Ex-Louisville jail guard goes from vigilante action to shoplifting charges

A picture allegedly showing a stolen Mercedes-Benz that belonged to then-Metro Corrections officer Yasmany Leyva. The picture was sent to an associate of Leyva's by a man trying to sell it.
A picture allegedly showing a stolen Mercedes-Benz that belonged to then-Metro Corrections officer Yasmany Leyva. The picture was sent to an associate of Leyva's by a man trying to sell it.

Yasmany Leyva knew a few things about shoplifting.

As a Louisville Metro Department of Corrections officer who worked off-duty retail security, he arrested at least 20 people between 2018-21 for the offense.
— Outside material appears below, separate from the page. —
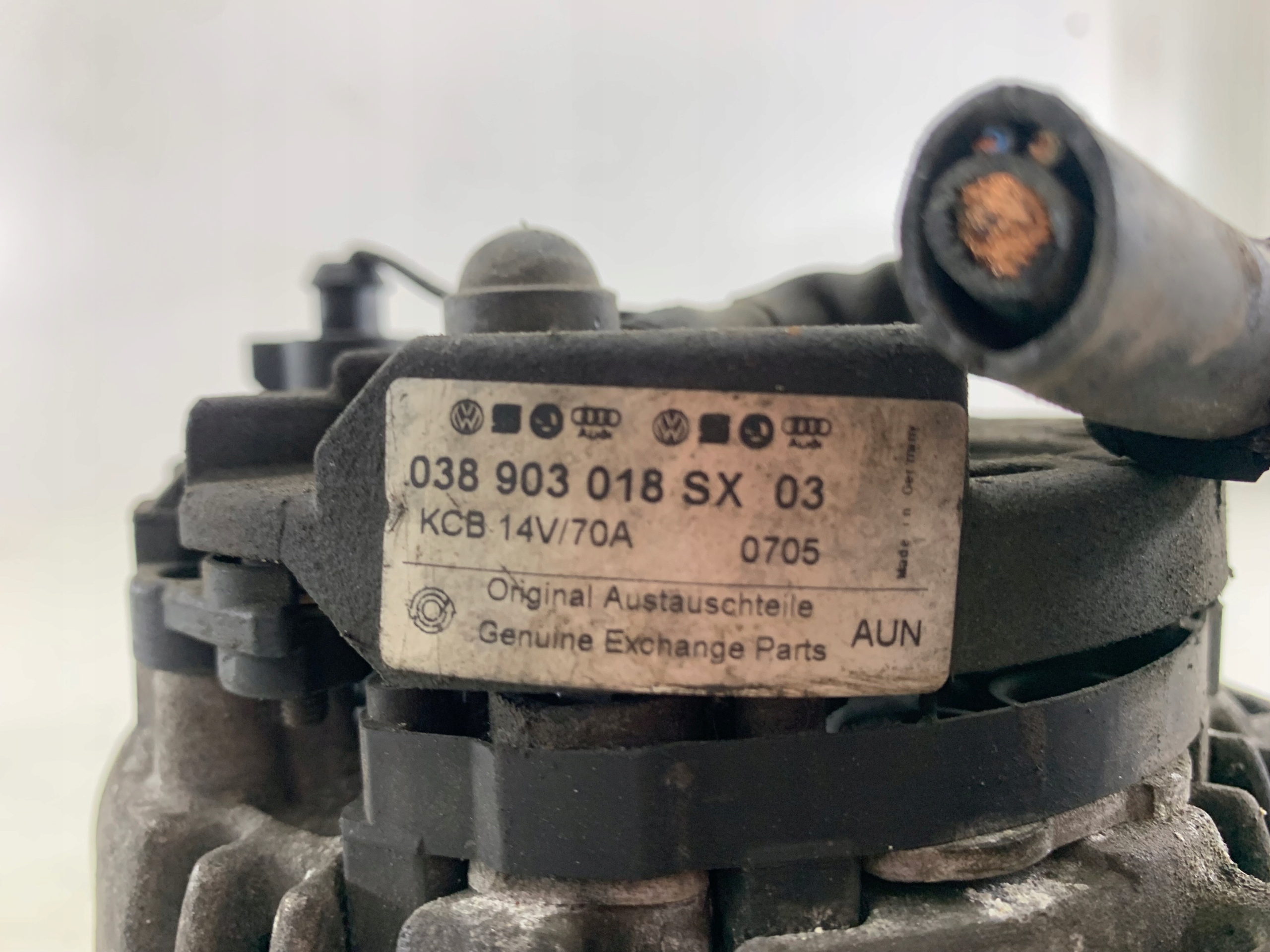 VW GOLF IV 1.6 SR alternator 038903018SX 70A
Most of the arrests came at a South End Kroger, where he’d sometimes end up chasing suspects on foot and bringing them to the ground after they walked out of the supermarket without paying for merchandise.

But now, Leyva is on the other side of the equation.

On Sept. 25, he was charged with misdemeanor- and felony-level shoplifting offenses, with Louisville Metro Police accusing him of stealing thousands of dollars in merchandise from area Lowe’s Home Improvement stores, according to court records. If convicted of the felony charge, he faces between one and five years in prison.

But when Leyva is arraigned later this month, it will not be the former jail guard’s first brush with the law.

The 36-year-old was fired from Metro Corrections last year over a 2020 plot in which authorities say he pulled a gun on a man in the parking garage of the Caesars Southern Indiana casino before handcuffing him and transporting him to Louisville during a sting he set up to recover his stolen Mercedes-Benz.

That incident, which occurred when he was off the clock in civilian clothes, would lead to Leyva's arrest a year later, after Indiana authorities filed a charge of kidnapping with a deadly weapon against him. He was taken into custody while entering the country at Miami International Airport.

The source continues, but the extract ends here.